The distinction may have been lost on some, according to a delegate from west-end Elizabeth Ballantyne School who said a principal didn’t even allow discussion of the issue at a governing board meeting.

“The principal literally shut me down,” she said, adding she was advised to “go out on the sidewalk and talk about it.”
Mancini condemned the move, as did CPC chair Pietro Mercuri who told the group: “It’s unacceptable that people who put their time into this were treated that way.”

Leprosy


Delegate George Varelas expressed dismay at the response at “our flagship school,”  Gardenview in St. Laurent, where teachers allegedly characterized the survey as something conceived “by a bunch of parents sitting around a bar…”
“I might as well have been selling leprosy,” he said, adding, “I don’t send my kids to school to learn about fascism and dictatorship, where’s democracy? It’s a survey!”
“That’s just proof of need for such a survey said Mercuri. “Teachers should know what the CPC does.”

For Mancini it’s clear: “You (CPC) do not need to come to council but you did deposit it at the April meeting, so we have to consult our employees.

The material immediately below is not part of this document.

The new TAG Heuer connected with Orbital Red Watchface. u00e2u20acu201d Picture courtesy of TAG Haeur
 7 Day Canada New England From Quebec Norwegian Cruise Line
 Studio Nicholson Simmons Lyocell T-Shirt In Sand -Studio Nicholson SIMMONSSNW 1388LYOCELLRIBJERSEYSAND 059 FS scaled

We cannot put ourselves at risk, and we’ve started a process to make sure the directive is followed: a process we’ve followed for umpteen years.”

She said once the consult is completed (by May 27), the board will allow distribution using board resources, and condemned “a smear campaign” by the CPC to paint her as acting against parents.

“As a chairperson but more importantly as a parent I am embarrassed by what I hear, by statements bordering on lies.”

The survey is now live at www.facebook.com/EMSBParents.

CPC vice-chair Andrew Ross expressed frustration that the online survey might not reach low-income families without computers at home.
“We have not been allowed access to the school board’s internal mail system or to any assistance from principals,” he said in a statement. “Unfortunately, that may mean the opinions of some parents may be excluded from the survey.”